▶ **Exercise data**
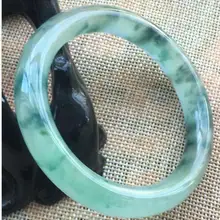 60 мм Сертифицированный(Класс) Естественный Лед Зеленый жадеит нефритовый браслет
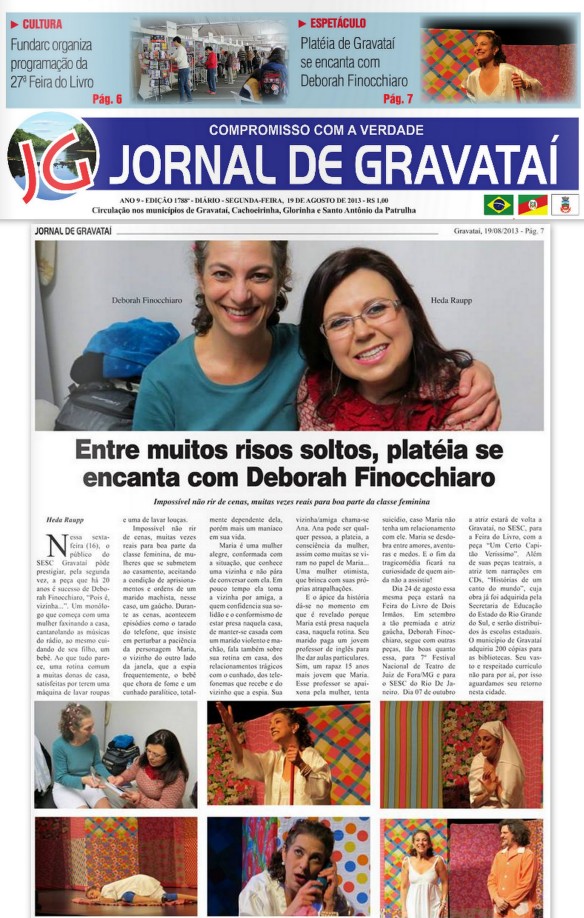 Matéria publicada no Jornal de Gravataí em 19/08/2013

---

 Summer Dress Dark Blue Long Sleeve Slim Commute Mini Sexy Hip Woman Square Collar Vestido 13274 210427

* * *

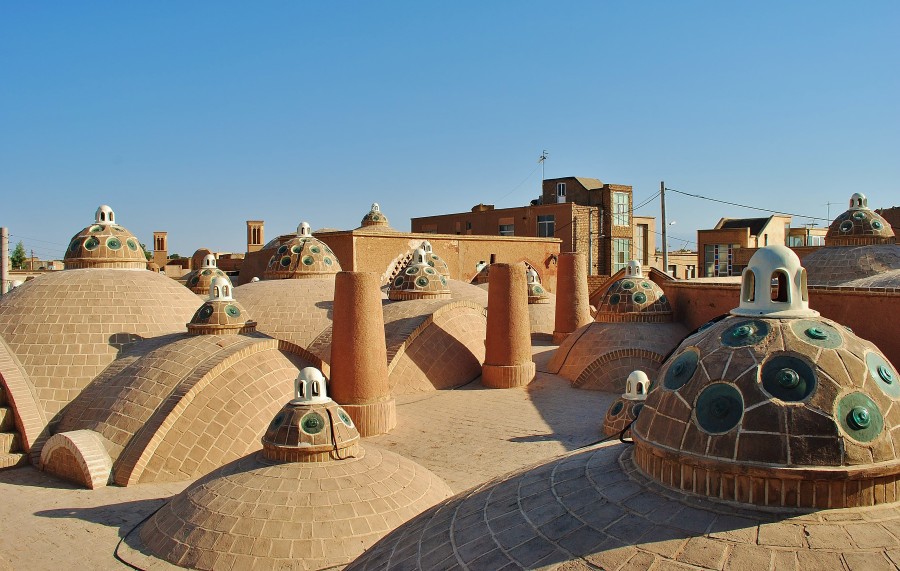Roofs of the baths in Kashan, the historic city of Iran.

▶ **Work order**
Copy only these lines from the records above, exactly: the one with "60 мм Сертифицированный(Класс)", the one with "Matéria publicada no", and those between. Skip the pictures.

▶ **Answer for the task**
 60 мм Сертифицированный(Класс) Естественный Лед Зеленый жадеит нефритовый браслет
 Matéria publicada no Jornal de Gravataí em 19/08/2013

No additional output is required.